▸ EXERCISE INPUTS:

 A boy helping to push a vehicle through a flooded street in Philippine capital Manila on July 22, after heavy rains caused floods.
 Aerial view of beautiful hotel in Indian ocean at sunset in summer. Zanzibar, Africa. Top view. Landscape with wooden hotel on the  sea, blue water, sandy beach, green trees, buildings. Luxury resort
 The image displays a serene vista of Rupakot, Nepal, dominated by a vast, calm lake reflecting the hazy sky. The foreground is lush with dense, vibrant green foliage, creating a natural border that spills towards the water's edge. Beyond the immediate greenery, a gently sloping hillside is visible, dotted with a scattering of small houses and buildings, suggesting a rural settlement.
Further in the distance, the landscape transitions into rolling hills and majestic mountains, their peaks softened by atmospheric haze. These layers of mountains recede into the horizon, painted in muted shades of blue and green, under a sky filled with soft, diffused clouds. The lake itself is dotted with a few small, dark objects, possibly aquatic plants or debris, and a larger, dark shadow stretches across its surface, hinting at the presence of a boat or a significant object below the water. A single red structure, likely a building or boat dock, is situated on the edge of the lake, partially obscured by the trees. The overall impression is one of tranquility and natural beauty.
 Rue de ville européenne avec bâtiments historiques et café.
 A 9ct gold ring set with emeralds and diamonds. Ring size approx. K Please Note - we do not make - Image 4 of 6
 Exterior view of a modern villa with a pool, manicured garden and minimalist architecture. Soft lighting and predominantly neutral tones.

---

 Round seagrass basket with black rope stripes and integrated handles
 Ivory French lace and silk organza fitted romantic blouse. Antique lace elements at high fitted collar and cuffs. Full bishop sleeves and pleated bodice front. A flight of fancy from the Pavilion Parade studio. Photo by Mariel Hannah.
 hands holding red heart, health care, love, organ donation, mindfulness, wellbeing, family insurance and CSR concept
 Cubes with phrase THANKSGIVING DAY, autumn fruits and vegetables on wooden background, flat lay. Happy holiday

--

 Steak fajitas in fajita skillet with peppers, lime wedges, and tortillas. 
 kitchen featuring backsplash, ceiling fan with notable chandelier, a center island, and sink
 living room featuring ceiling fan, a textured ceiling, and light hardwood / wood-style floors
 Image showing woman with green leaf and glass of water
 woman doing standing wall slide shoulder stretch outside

▸ TASK PROMPT:
Copy out the range of lines above starting at the line with "A boy helping" and ending at the line with "Aerial view of", exactly and including both.

▸ EXERCISE RESPONSE:
 A boy helping to push a vehicle through a flooded street in Philippine capital Manila on July 22, after heavy rains caused floods.
 Aerial view of beautiful hotel in Indian ocean at sunset in summer. Zanzibar, Africa. Top view. Landscape with wooden hotel on the  sea, blue water, sandy beach, green trees, buildings. Luxury resort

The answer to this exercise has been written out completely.